═════ GIVEN INFORMATION ═════

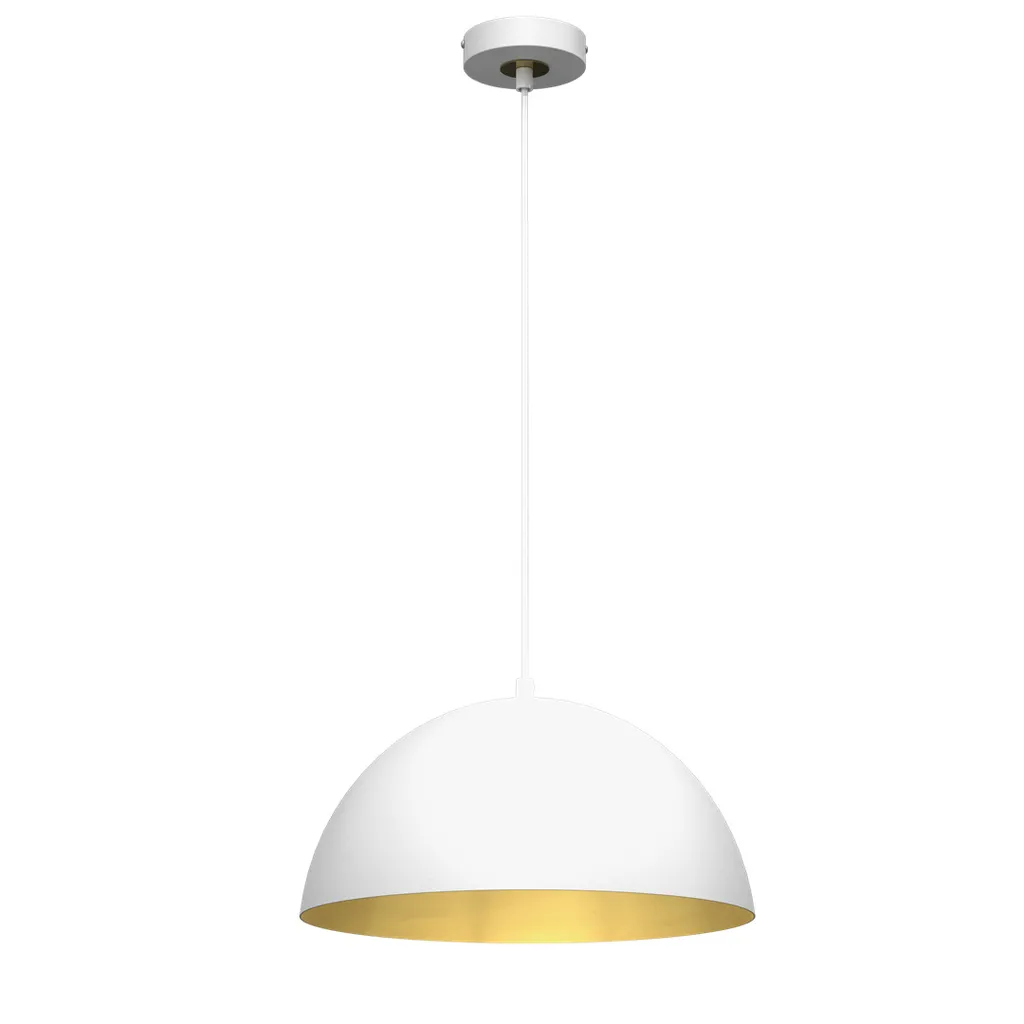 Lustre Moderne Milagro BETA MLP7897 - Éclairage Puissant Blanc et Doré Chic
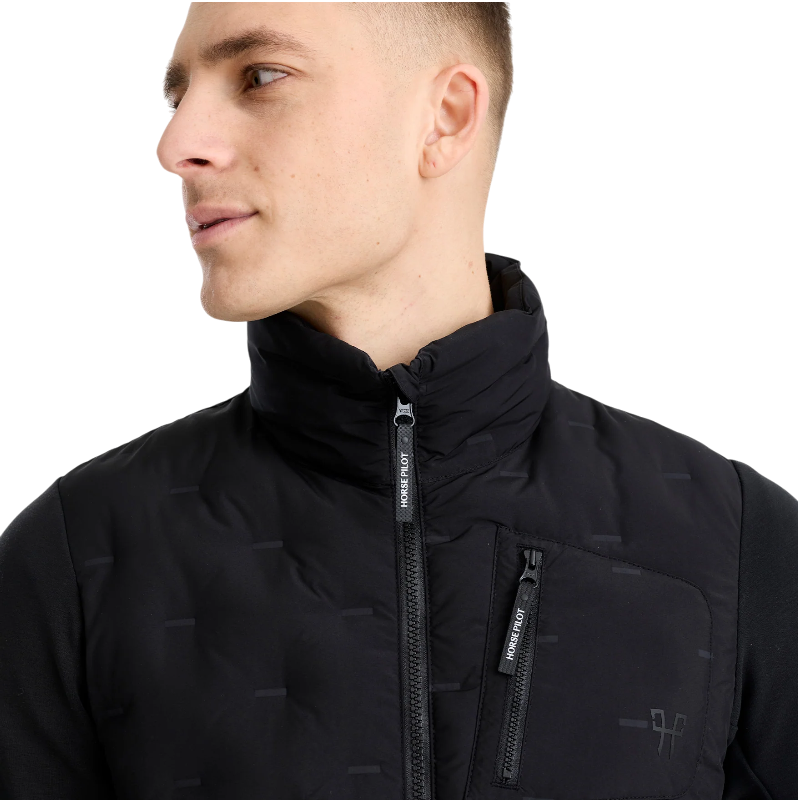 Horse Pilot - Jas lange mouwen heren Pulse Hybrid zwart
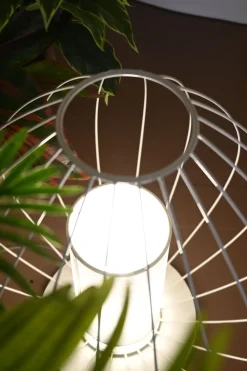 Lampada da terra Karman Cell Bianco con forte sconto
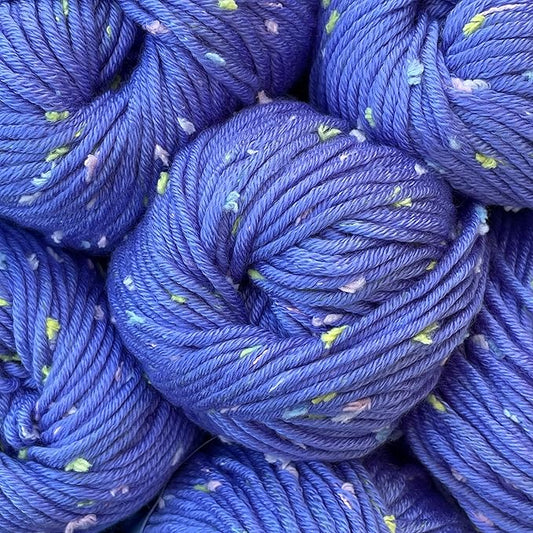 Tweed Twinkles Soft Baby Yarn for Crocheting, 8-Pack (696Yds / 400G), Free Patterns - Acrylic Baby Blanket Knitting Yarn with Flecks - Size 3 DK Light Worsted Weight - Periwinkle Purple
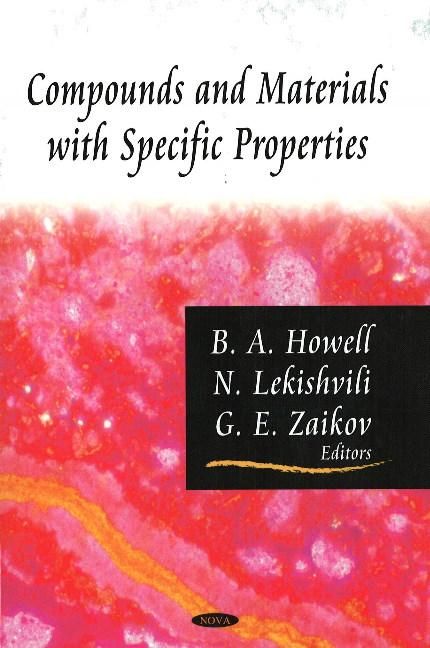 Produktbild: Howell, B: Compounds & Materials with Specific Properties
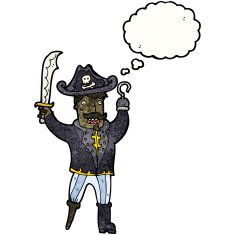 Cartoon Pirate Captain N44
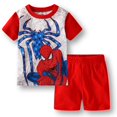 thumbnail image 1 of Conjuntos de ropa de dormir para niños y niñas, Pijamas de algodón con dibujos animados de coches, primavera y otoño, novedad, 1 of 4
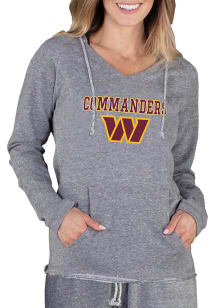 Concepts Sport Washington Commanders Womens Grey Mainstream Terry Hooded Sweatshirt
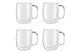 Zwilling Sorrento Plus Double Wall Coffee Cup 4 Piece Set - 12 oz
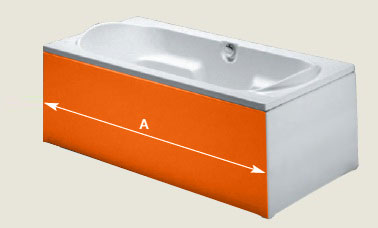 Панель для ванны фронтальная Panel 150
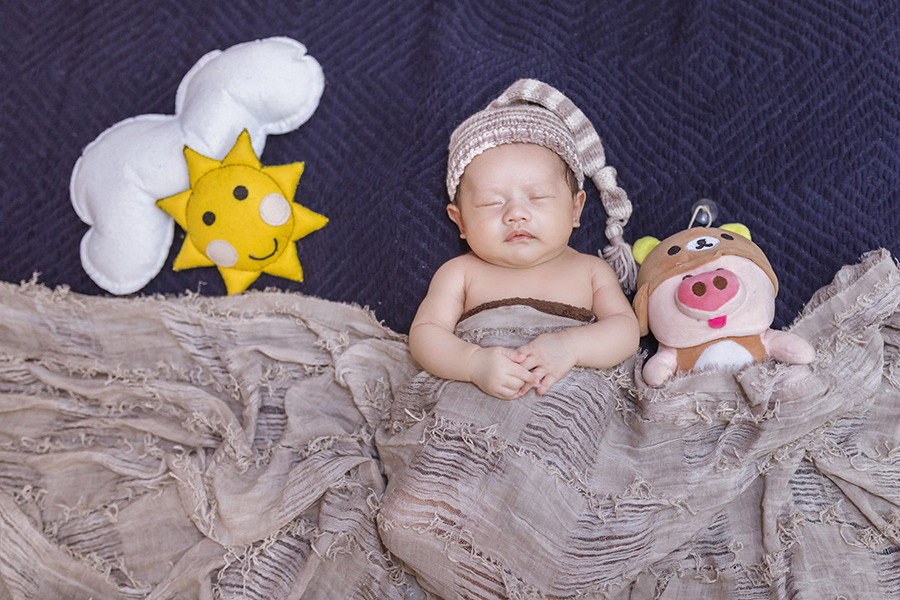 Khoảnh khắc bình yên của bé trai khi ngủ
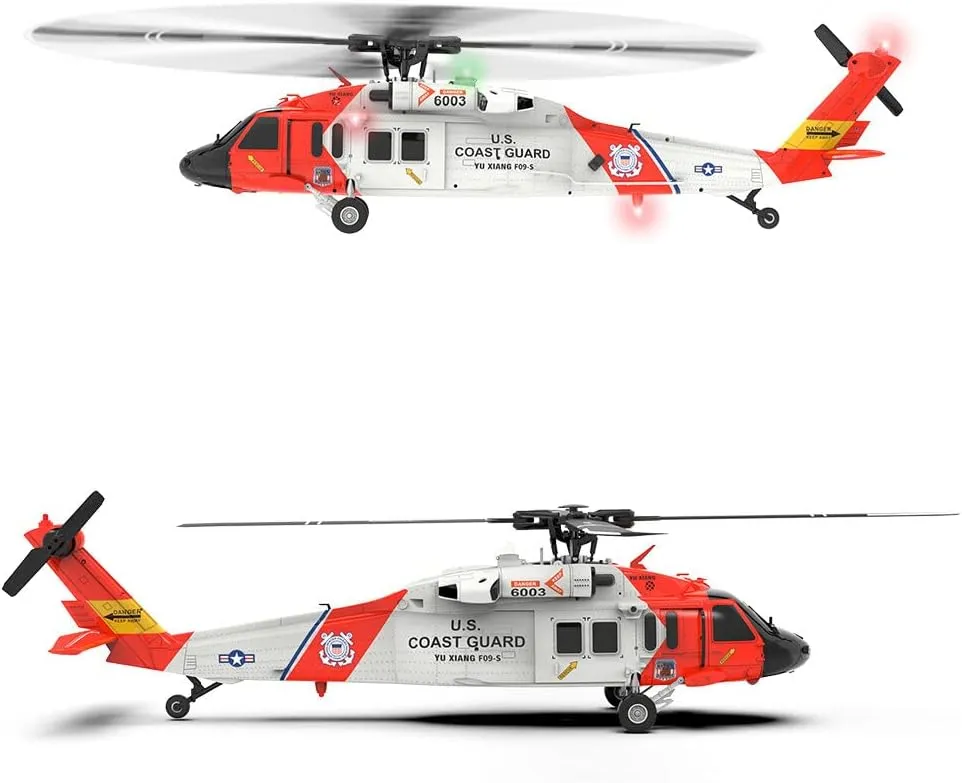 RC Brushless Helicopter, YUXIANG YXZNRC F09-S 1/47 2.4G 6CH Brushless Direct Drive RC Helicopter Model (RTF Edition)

═════

● **WHAT TO DO**: Which lines run from the one holding "Панель для ванны фронтальная Panel 150" through the end of the records? Reproduce them word for word, both ends included, with no pictures.

● **EXERCISE RESULT**:
 Панель для ванны фронтальная Panel 150
 Khoảnh khắc bình yên của bé trai khi ngủ
 RC Brushless Helicopter, YUXIANG YXZNRC F09-S 1/47 2.4G 6CH Brushless Direct Drive RC Helicopter Model (RTF Edition)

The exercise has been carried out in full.